• **WHAT THE EXERCISE ASKS**:
Beginning with the line that contains "There are disadvantages" and ending with the line that contains "Hi everyone and", reproduce the lines of the entries below exactly, omitting pictures.

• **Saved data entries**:
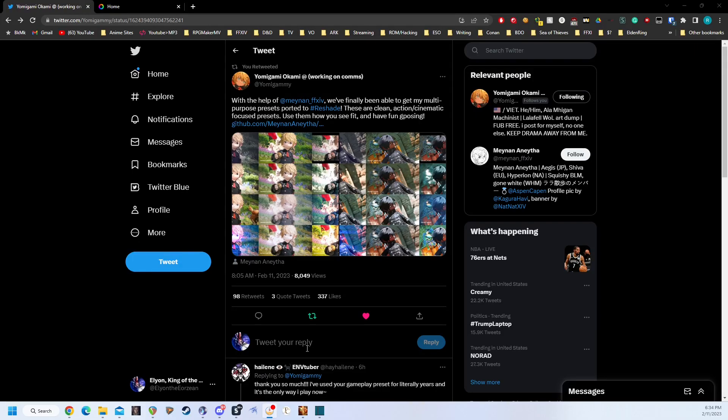Hey there, fellow travelers. My name is Elyon, and today I'm going to be showing you how to set up Reshade to prepare for all the new presets that will be coming out from our favorite preset creators. So if you did do the G-Shade conversion, for these new presets to work correctly, you're going to basically need to undo that, and I'm going to show you how to do that. And if you're just a new Reshade user, you can use this guide to set up your Reshade the normal way without having to do the extra steps.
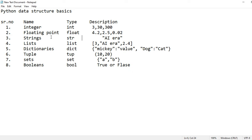The next is a list. A list is defined using square brackets and can contain a combination of tuples, integers, floating points, or strings. If any combination of data structures is contained in square brackets, it is known as a list.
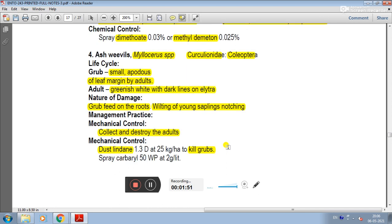That is ash weevil, having scientific name Myllocerus species, family Curculionidae, and order Coleoptera.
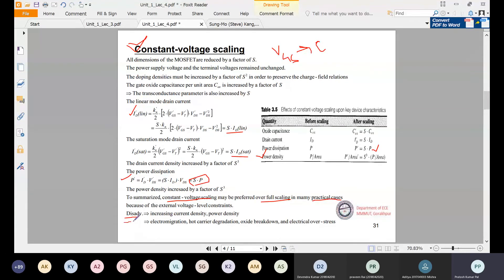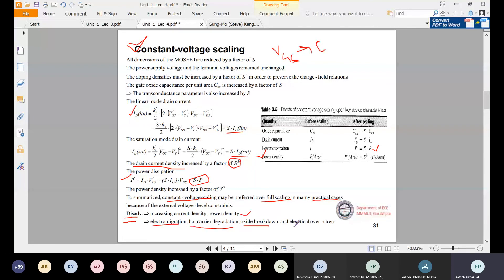There are disadvantages of constant voltage scaling: increasing current density and power density. Power density is increased by s³ and current density is increased by s³ as well, even though current itself only increases by s. This is a major disadvantage. Also, because of this, electromigration, hot carrier degradation, oxide breakdown, and electrical overstress will take place. These terms will be studied under small geometry effects and small channel effects. These are the effects that occur when using constant voltage scaling, and we will study how to address them in the next class.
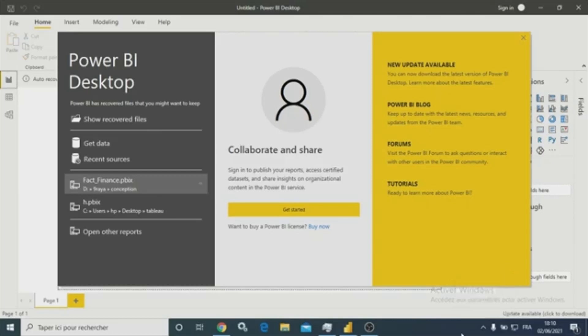Hi everyone and welcome to a new video. Today I'm going to show you how to combine two queries or datasets using the merge option from the Power Query Editor or Power Query Desktop.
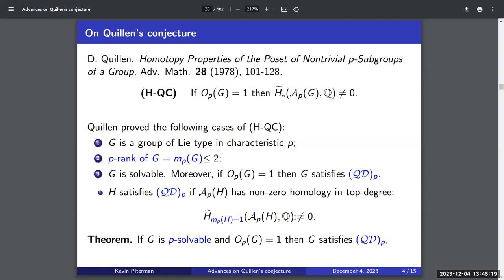When G is a solvable group, the proof requires a reduction to a minimal situation. By induction, several reductions lead to a minimal configuration, where Quillen showed the complex is Cohen-Macaulay — a wedge of spheres of maximal possible dimension. So not only is there non-zero homology, but it appears in the largest possible degree: the rank minus one. This is the Quillen dimension property (QDP). Later, several authors extended this to p-solvable groups using the CFSG, proving the conjecture holds for p-solvable groups as well.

• **RESPONSE AREA**:
There are disadvantages of constant voltage scaling: increasing current density and power density. Power density is increased by s³ and current density is increased by s³ as well, even though current itself only increases by s. This is a major disadvantage. Also, because of this, electromigration, hot carrier degradation, oxide breakdown, and electrical overstress will take place. These terms will be studied under small geometry effects and small channel effects. These are the effects that occur when using constant voltage scaling, and we will study how to address them in the next class.
Hi everyone and welcome to a new video. Today I'm going to show you how to combine two queries or datasets using the merge option from the Power Query Editor or Power Query Desktop.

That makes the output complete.